Com “O Grande Truque”, o Christopher Nolan acertou de novo. Viva o Nolan! Olhando pra trás, entre “Amnésia”, “Insônia”, “Batman Begins” e este “Truque”, “Insônia” parece ser o piorzinho. E ainda assim é bem acima da média. Claro que o Nolan não é um Almodóvar, mas no que ele se propõe a fazer, ele vem fazendo muito bem. Tiro minha cartola pra ele. Quer dizer, quem ainda usa cartola hoje em dia fora os mágicos? E acho que o que eu queria dizer era algo como tirar coelho da cartola. Estou confusa.

Tá, mas é só mencionar essa palavrinha, cartola, pra gente constatar como mágica é uma arte ligada ao passado. Por isso é deveras estranho que Hollywood produza dois filmes sobre o assunto no mesmo ano, este “Truque” e “O Ilusionista”, que ainda não estreou aqui, e desde já duvido que seja melhor. Ambos tratam de mágicos no final do século retrasado. (Infelizmente “O Ilusionista” recebeu o mesmo nome de uma comédia holandesa sem diálogos dos anos 80. Nem me lembro do troço, embora a capa do vídeo com um carinha andando de bicicleta tenha sido meio traumática pra mim).

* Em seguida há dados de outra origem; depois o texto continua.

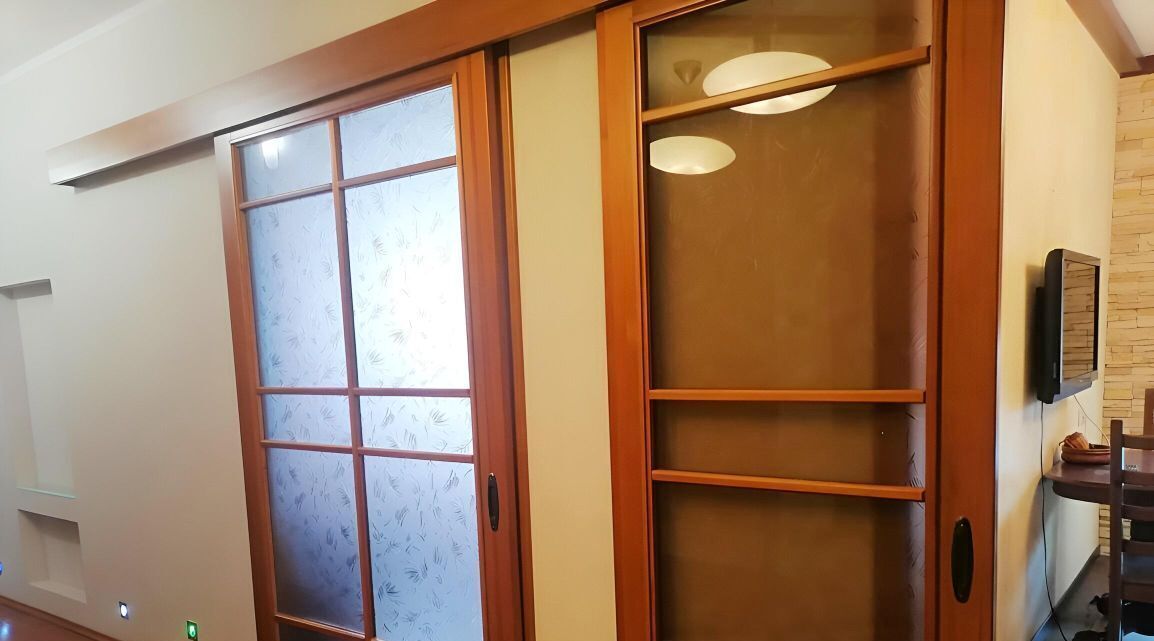 квартира г Томск р-н Ленинский Каштак ул Говорова 46 фото 14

Bom, eu gosto de ir ao cinema sem saber nada sobre o que vou assistir, e sugiro que você faça igual. Tinha visto o trailer de “Truque” uma vez só, então nem me recordava que era do Nolan, com o Hugh Jackman. Olhei pra ele e nem pensei no Wolverine. O Christian Bale, lógico, não dá pra deixar passar batido desde “Psicopata Americano”. Os dois estão excelentes como mágicos rivais, e isso é tudo que você vai ouvir de mim sobre a história. O Michael Caine, digno como sempre, mas ele empresta dignidade até a “Miss Simpatia” e “Tubarão IV”, faz o tutor de um deles. Agora, quem me chamou a atenção mesmo foi o David Bowie, de cabelo preto e bigode. Eu não iria acertar em quarenta chutes! Há também três atrizes loiras e bonitinhas que mais ou menos se confundem entre si. A Scarlett Johansson é a dos lábios mais carnudos.

Fora uma parte no meio em que alguém seqüestra o assistente do outro e o enterra (não sei se faltou algum fotograma ou se tava confuso mesmo), e tirando algumas reviravoltas a mais, “Truque”, no geral, é ótimo. Envolveu o público, que tava quase tão eletrizado quanto uma cerca elétrica que aparece e faz o Hugh não parecer muito inteligente. Por exemplo, ouvi um cochicho quando surge o sósia do Hugh. Todo mundo queria saber se era ele mesmo ou um ator igualzinho. “Truque” é o tipo de filme cheio de ação, mas os tiros e explosões têm razão de ser. Posso desde já dizer que prefiro este “Truque” despretensioso a qualquer coisa que o Eastwood arme em “A Conquista da Honra”. Adivinha qual será indicado ao Oscar? Honra contra truque, e o pessoal da Academia nem pisca.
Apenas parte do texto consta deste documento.